Baby boomers - and sons and daughters of baby boomers - be honest. Did you know prior to 1964 that a college named Morgan State even existed?

Morgan State is the alma mater of the Browns' greatest running back since Jim Brown - Leroy Kelly. The Browns didn't get around to taking him until the eighth round in 1964. It was the same year they drafted Paul Warfield in the first round. They also drafted Billy Truax, Don Shackleford, Richard Klein and Sammy Odoms before taking Kelly.

Unlike the present day NFL, if a drafted player was no good he got cut. Truax, Shackleford, Klein and Odoms never played in a regular season game for the Browns.

The draft in 1964 was nothing like it is today. ESPN did not exist, and there was virtually no national coverage of what is now second only to the Super Bowl as a spectacle for the National Football League.

Kelly didn't even realize he had been drafted until 24 hours later when a friend told him he had seen Kelly's name in the newspaper while reading a list of players that had been selected.

"I knew the Browns were interested, but I didn't know it until I was going to my room the next day and my friend told me about it," Kelly said from his home in Willingboro N.J., a Philadelphia suburb. "I thought he was kidding, because I wasn't drafted by the American Football League in their draft two weeks earlier.

"Then the Browns' head scout, Paul Bixler, got in touch with me.
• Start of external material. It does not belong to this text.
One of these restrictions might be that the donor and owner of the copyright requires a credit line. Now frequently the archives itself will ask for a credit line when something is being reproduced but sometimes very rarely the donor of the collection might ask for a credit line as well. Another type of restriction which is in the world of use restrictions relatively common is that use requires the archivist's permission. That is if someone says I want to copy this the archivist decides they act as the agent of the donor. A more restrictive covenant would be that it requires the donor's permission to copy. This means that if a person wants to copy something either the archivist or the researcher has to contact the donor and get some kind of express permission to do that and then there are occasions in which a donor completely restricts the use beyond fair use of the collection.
He and my coach Earl Banks and I got together for dinner and discussed the whole situation."

Kelly found four other running backs in Hiram when he arrived for his first training camp – Jim Brown, Ernie Green, Charlie Scales and Kenny Webb. Coach Blanton Collier would keep four and Green, Brown and Scales had jobs secured. In the end, Webb made it easy because he balked at the money the Browns offered, so he was cut.

"Jim kind of sat back and assessed the rookies," Kelly said. "If he knew you could possibly help the team, he started talking to you. He assessed that early in camp.
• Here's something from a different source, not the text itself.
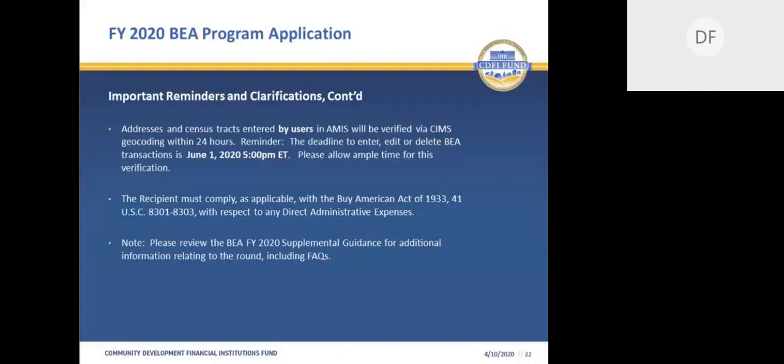This is two days prior to the Part II BEA application in AMIS deadline. Transactions found to be in census tracts that are not eligible, or whose census tract numbers and addresses do not correlate, will be deemed ineligible. The last reminder is that Fiscal Year 2020 award recipients will be required to comply with the Buy America Act of 1933 with respect to direct administrative expenses. More information on this can be found in the Fiscal Year 2020 BEA Notice of Funding Availability on the BEA page of the CDFI Fund's website.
"One night he came to Walter Roberts and me and asked if we wanted to go for a ride with him. He took us to an ice cream stand in a little city outside of Hiram. We did some talking, so we knew he thought we were capable of making the team."

No one knew in 1964 that Brown would play only two more seasons. Kelly carried only six times for 12 yards as a rookie, but he was lethal as a punt and kick returner. He averaged 19 yards on nine punt returns and 24.3 yards a kick return while sharing duties with Roberts, better known as "The Flea."
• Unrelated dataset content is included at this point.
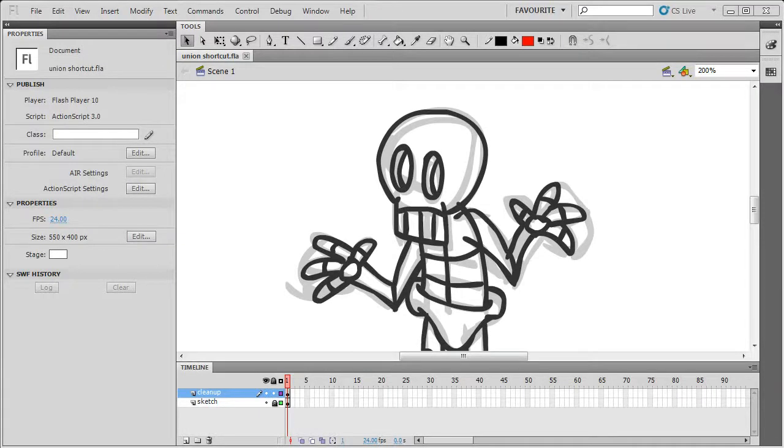Hi, this is Renoka. This is a short Flash Professional tip for adding keyboard shortcuts to frequently used menu commands.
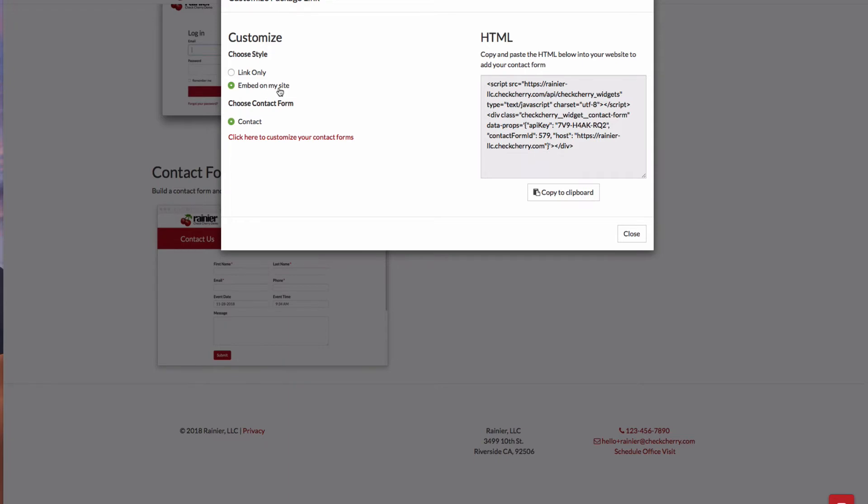For now, let's go ahead and embed one of these contact forms on our website. I'm going to come over here and click Copy to Clipboard.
Kelly did not see a lot of action offensively in the 1964 championship game against the Colts. Obviously with the final score 27-0 Browns, the Colts kicked off only once. Roberts returned the ball 21 yards. Roberts' 13-yard return was the only punt return of game for the Browns.

Brown, however, praised Kelly for his kick and punt coverage in the championship game. Linebacker Jim Houston said the Browns would not have played for the title without Kelly as a punt returner.

"We had an exceptional performance by all the players in the championship game," Houston said. "We took it within ourselves to do the job. But, in order to get us there, the team concept, forget about it, because there was one guy, as far as I'm concerned, that put us there, and that was Leroy Kelly.

"I only say that because football is field position. Every time Leroy caught the ball he was 110 miles an hour. He always put us in field position. That's what made our success in 1964."

Harrison will not return punts or kicks for the Browns in 2006. Those jobs belong to Dennis Northcutt and Joshua Cribbs respectively.

But Harrison is entering the NFL with something to prove, just as Kelly did, and he is starting behind a proven runner (Reuben Droughns) just as Kelly did.

For Browns fans, this would be a great time for history to repeat itself. After that slow start of 12 yards rushing on six carries as a rookie, Kelly rushed for 7,262 yards in the next nine seasons on his way to the Pro Football Hall of Fame.